= Beginning of Section =

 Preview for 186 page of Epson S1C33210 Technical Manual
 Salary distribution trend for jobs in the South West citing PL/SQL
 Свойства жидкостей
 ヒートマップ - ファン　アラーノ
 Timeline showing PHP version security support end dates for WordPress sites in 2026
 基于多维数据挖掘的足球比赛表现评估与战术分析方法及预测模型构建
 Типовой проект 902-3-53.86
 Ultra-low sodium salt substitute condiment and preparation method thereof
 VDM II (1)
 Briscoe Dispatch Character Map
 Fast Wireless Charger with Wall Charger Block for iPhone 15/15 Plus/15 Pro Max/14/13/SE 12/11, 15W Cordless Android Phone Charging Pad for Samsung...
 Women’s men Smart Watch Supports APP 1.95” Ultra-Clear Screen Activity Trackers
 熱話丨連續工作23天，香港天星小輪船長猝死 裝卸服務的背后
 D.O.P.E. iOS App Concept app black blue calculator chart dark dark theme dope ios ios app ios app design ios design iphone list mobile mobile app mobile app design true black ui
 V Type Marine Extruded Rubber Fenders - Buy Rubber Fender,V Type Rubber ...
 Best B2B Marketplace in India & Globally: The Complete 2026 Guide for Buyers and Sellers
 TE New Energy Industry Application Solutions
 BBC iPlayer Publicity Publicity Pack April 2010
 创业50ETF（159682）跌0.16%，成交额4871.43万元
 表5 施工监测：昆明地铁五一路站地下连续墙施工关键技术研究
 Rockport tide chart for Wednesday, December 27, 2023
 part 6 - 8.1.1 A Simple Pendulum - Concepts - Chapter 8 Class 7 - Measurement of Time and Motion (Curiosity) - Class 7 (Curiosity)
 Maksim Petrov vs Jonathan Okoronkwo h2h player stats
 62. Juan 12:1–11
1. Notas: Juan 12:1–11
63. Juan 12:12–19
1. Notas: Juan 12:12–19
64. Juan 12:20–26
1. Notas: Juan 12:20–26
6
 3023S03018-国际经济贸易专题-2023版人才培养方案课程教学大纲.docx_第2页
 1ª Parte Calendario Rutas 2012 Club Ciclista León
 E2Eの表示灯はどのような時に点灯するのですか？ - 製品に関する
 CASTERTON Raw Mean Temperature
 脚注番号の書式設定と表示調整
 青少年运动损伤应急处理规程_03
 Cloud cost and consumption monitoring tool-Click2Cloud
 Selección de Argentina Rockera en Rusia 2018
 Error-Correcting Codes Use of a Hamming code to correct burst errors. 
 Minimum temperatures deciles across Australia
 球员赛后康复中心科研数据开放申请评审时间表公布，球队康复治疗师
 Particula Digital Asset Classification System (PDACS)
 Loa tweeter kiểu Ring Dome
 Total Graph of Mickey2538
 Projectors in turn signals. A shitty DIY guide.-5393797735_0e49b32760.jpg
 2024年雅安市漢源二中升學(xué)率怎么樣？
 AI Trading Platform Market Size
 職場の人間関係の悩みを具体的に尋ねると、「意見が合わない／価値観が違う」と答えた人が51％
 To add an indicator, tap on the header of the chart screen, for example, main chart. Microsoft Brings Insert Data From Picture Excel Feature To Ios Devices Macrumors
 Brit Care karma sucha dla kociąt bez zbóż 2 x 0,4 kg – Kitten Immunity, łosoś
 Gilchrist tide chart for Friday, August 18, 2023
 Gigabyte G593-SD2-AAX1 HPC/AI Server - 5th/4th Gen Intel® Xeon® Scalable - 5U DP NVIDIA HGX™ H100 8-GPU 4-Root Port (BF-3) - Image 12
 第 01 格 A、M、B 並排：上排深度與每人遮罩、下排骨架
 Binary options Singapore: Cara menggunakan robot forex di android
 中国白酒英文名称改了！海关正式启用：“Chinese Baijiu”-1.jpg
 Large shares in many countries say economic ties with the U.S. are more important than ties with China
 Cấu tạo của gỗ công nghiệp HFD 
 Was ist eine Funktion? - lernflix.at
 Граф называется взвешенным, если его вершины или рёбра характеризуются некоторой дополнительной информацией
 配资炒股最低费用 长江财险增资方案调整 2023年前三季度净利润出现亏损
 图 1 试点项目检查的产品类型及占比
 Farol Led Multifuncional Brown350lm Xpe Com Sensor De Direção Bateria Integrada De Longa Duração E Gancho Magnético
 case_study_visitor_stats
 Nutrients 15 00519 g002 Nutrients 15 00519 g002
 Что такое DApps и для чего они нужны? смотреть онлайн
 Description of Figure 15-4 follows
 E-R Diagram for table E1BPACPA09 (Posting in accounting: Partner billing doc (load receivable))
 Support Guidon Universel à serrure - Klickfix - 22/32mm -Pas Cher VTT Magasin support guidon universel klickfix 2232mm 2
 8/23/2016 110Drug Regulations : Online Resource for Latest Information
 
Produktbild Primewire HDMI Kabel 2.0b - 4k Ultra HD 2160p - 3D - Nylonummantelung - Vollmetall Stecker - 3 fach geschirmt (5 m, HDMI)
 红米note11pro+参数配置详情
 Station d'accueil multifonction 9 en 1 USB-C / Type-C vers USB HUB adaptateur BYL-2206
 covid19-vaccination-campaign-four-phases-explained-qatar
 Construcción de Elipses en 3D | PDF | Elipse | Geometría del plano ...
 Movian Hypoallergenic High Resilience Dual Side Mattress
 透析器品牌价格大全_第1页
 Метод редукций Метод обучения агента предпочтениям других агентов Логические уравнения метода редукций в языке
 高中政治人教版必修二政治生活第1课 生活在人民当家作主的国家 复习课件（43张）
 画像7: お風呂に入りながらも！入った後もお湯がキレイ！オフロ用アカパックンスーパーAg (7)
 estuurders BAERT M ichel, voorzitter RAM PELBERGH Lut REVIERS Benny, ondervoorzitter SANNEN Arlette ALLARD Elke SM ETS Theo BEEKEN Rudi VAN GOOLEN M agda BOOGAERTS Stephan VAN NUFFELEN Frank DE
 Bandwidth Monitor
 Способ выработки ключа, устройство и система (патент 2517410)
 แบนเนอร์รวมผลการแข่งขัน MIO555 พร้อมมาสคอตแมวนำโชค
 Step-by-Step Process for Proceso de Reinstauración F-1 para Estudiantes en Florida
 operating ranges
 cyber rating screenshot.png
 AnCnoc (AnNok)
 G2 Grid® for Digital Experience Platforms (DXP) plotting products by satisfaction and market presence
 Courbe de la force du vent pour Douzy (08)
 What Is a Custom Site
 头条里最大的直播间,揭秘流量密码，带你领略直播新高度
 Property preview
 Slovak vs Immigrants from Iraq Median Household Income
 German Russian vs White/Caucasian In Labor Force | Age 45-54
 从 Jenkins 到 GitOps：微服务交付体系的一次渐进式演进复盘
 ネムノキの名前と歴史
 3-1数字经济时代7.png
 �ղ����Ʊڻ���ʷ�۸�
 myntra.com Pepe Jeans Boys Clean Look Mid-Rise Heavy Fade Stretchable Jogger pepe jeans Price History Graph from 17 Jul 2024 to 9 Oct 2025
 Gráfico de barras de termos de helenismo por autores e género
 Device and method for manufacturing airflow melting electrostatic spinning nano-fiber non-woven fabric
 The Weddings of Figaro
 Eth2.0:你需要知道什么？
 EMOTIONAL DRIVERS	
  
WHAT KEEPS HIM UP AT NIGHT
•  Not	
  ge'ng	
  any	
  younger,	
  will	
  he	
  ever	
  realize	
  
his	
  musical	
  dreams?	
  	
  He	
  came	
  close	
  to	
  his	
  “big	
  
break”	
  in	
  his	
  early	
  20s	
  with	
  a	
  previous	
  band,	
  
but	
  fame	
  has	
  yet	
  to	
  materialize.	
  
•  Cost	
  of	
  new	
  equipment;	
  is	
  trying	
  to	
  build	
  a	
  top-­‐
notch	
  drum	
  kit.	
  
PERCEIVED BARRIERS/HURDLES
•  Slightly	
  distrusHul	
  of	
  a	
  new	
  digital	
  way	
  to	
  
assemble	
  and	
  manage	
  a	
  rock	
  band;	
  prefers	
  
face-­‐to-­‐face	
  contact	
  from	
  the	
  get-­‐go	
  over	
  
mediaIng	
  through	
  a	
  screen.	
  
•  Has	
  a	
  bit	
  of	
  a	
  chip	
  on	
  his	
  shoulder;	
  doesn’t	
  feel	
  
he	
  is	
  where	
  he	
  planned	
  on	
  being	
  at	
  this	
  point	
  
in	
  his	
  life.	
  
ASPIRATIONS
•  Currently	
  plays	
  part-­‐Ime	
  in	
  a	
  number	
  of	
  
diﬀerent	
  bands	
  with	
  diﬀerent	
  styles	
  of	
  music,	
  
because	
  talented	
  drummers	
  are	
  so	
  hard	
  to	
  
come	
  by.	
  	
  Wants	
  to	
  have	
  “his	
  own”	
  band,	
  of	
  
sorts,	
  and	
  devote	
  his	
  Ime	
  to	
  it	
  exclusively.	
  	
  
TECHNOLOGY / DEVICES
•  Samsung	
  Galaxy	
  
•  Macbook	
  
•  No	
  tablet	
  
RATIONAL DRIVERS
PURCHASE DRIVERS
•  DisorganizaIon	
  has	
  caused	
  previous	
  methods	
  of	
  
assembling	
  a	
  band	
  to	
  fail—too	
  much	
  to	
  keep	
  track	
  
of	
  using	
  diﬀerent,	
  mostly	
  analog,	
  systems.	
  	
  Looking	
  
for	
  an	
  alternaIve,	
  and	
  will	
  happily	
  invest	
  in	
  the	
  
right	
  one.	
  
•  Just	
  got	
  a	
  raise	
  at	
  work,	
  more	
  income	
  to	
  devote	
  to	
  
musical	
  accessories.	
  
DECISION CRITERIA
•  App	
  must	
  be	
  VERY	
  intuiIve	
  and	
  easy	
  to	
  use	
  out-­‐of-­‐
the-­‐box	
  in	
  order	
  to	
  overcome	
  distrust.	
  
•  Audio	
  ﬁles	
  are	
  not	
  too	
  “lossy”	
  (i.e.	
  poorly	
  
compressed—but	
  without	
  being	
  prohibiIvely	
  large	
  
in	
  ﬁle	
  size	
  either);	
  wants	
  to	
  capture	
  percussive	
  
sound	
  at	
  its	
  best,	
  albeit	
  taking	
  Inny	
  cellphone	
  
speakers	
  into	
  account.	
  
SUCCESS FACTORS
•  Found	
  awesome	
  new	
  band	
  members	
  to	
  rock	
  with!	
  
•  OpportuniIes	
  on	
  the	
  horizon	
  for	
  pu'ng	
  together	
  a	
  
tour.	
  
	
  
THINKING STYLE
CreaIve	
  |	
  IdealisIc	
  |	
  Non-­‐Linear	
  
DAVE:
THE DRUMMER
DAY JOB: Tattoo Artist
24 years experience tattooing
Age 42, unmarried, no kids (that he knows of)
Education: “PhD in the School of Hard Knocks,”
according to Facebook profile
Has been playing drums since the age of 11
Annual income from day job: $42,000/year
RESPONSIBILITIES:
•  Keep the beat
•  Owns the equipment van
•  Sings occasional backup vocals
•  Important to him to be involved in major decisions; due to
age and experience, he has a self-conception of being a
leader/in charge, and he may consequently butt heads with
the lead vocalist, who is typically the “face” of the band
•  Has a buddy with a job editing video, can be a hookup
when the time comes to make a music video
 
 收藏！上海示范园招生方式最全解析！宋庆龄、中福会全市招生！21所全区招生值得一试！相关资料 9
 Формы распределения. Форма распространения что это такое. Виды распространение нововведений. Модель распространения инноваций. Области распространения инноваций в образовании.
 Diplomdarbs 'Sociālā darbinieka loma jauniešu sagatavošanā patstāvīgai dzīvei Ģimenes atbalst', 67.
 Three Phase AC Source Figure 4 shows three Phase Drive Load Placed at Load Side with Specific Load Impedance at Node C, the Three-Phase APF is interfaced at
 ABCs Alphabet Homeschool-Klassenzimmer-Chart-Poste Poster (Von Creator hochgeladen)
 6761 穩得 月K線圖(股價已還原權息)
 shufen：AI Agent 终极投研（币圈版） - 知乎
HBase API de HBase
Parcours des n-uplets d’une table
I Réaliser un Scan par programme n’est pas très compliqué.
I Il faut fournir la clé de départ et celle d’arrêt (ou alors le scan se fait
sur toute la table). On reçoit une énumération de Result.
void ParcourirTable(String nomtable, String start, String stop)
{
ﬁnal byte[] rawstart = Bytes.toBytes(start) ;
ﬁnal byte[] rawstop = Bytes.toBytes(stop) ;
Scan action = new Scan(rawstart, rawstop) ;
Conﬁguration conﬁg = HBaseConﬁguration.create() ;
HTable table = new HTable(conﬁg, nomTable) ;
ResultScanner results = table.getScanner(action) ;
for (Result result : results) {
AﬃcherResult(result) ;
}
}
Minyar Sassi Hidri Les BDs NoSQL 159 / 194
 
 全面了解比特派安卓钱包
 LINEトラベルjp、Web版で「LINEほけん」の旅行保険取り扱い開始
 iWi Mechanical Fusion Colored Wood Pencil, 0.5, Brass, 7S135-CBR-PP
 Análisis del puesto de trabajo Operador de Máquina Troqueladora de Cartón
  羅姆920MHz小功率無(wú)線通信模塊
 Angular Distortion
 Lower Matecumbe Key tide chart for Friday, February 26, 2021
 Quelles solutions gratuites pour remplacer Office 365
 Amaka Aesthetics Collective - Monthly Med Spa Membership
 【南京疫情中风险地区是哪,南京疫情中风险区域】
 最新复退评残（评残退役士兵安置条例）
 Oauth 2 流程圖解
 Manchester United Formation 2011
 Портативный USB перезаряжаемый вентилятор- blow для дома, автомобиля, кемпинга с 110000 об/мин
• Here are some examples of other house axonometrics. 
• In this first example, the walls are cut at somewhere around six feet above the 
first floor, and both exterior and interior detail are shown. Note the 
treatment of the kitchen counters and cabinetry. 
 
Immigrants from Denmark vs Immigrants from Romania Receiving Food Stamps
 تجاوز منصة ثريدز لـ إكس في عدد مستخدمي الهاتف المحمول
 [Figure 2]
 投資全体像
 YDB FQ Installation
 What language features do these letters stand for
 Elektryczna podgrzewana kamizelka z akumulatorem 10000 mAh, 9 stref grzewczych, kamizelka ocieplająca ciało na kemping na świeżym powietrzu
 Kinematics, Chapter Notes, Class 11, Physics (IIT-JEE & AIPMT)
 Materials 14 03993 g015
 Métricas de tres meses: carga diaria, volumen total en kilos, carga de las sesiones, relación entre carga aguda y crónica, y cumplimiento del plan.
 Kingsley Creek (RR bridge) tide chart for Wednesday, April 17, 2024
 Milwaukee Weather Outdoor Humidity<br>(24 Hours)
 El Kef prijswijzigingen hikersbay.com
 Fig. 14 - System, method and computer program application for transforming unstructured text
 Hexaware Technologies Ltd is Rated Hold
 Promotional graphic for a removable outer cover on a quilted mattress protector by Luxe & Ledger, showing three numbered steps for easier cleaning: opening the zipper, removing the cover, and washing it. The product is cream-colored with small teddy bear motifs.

= End of Section =

Beginning at the first line of the data above, retype each line until you reach the line containing "1. Notas: Juan 12:12–19", and include that one too. Add nothing else.

Final answer>
 Preview for 186 page of Epson S1C33210 Technical Manual
 Salary distribution trend for jobs in the South West citing PL/SQL
 Свойства жидкостей
 ヒートマップ - ファン　アラーノ
 Timeline showing PHP version security support end dates for WordPress sites in 2026
 基于多维数据挖掘的足球比赛表现评估与战术分析方法及预测模型构建
 Типовой проект 902-3-53.86
 Ultra-low sodium salt substitute condiment and preparation method thereof
 VDM II (1)
 Briscoe Dispatch Character Map
 Fast Wireless Charger with Wall Charger Block for iPhone 15/15 Plus/15 Pro Max/14/13/SE 12/11, 15W Cordless Android Phone Charging Pad for Samsung...
 Women’s men Smart Watch Supports APP 1.95” Ultra-Clear Screen Activity Trackers
 熱話丨連續工作23天，香港天星小輪船長猝死 裝卸服務的背后
 D.O.P.E. iOS App Concept app black blue calculator chart dark dark theme dope ios ios app ios app design ios design iphone list mobile mobile app mobile app design true black ui
 V Type Marine Extruded Rubber Fenders - Buy Rubber Fender,V Type Rubber ...
 Best B2B Marketplace in India & Globally: The Complete 2026 Guide for Buyers and Sellers
 TE New Energy Industry Application Solutions
 BBC iPlayer Publicity Publicity Pack April 2010
 创业50ETF（159682）跌0.16%，成交额4871.43万元
 表5 施工监测：昆明地铁五一路站地下连续墙施工关键技术研究
 Rockport tide chart for Wednesday, December 27, 2023
 part 6 - 8.1.1 A Simple Pendulum - Concepts - Chapter 8 Class 7 - Measurement of Time and Motion (Curiosity) - Class 7 (Curiosity)
 Maksim Petrov vs Jonathan Okoronkwo h2h player stats
 62. Juan 12:1–11
1. Notas: Juan 12:1–11
63. Juan 12:12–19
1. Notas: Juan 12:12–19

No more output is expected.